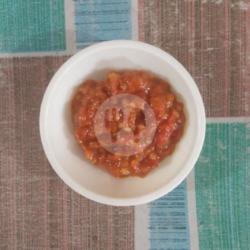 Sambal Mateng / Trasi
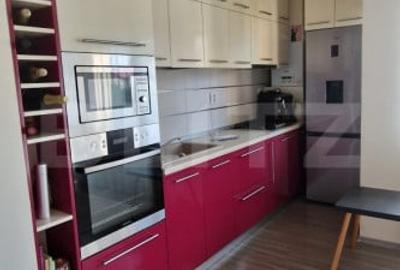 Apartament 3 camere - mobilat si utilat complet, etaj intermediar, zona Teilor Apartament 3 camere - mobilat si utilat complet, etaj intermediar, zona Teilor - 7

# # # # # # #

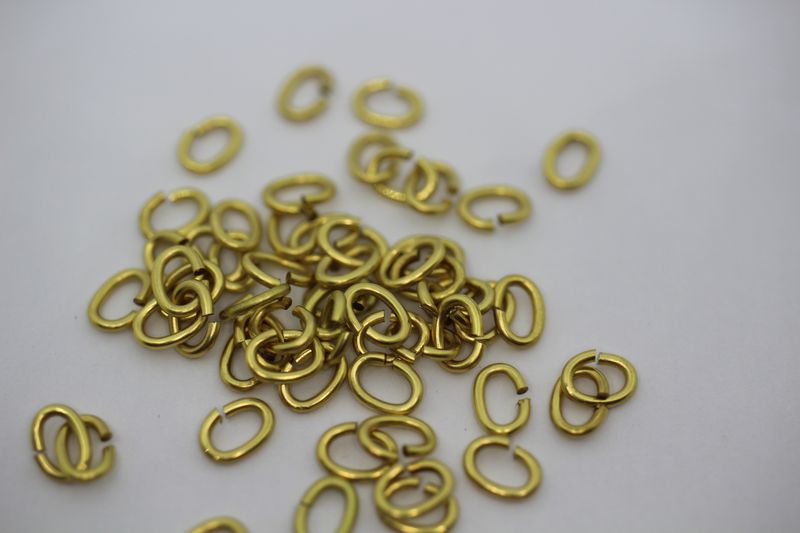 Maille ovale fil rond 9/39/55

# # # # # # #

■ YOUR ASSIGNMENT
Each line above from the one containing "Sambal Mateng / Trasi" through the one containing "zona Teilor - 7" is to be returned verbatim. Nothing else, and no pictures.

■ REPLY TO THE TASK
 Sambal Mateng / Trasi
 Apartament 3 camere - mobilat si utilat complet, etaj intermediar, zona Teilor Apartament 3 camere - mobilat si utilat complet, etaj intermediar, zona Teilor - 7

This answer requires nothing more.